By Bob Berwyn, InsideClimate News
Nov 15, 2020
Hurricanes are not just intensifying faster and dropping more rain. Because of global warming, their destructive power persists longer after reaching land, increasing risks to communities farther inland that may be unprepared for devastating winds and flooding.
That shift was underlined last week by an analysis of Atlantic hurricanes that made landfall between 1967 and 2018. The study, published Nov. 11 in Nature, showed that, in the second half of the study period, hurricanes weakened almost twice as slowly after hitting land. "As the world continues to warm, the destructive power of hurricanes will extend progressively farther inland," the researchers wrote in their report.

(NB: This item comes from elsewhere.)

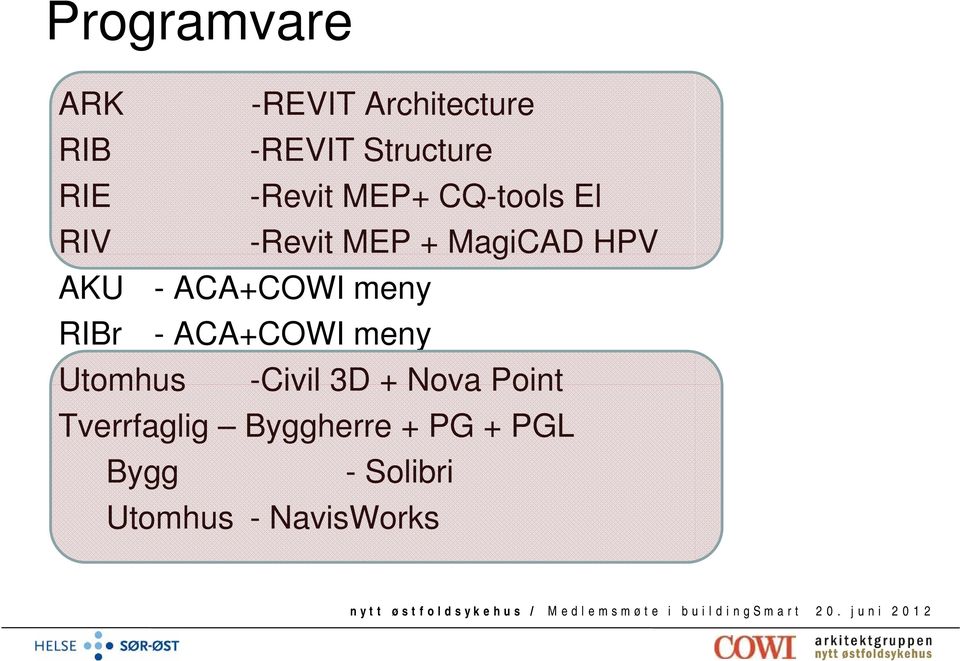 ACA+COWI meny RIBr - ACA+COWI meny Utomhus -Civil 3D + Nova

Scientists have known for some time that, as global temperatures warm, hurricanes are intensifying, and are more likely to stall and produce rain.
But Pinaki Chakraborty, senior author of the study and a climate researcher with the Okinawa Institute of Science and Technology, said the new analysis found that with warming, hurricanes also take longer to decay after landfall, something researchers had not studied before. "It was thought that a warming world has had no pronounced effect on landfalling hurricanes," Chakraborty said. "We show, not so, unfortunately."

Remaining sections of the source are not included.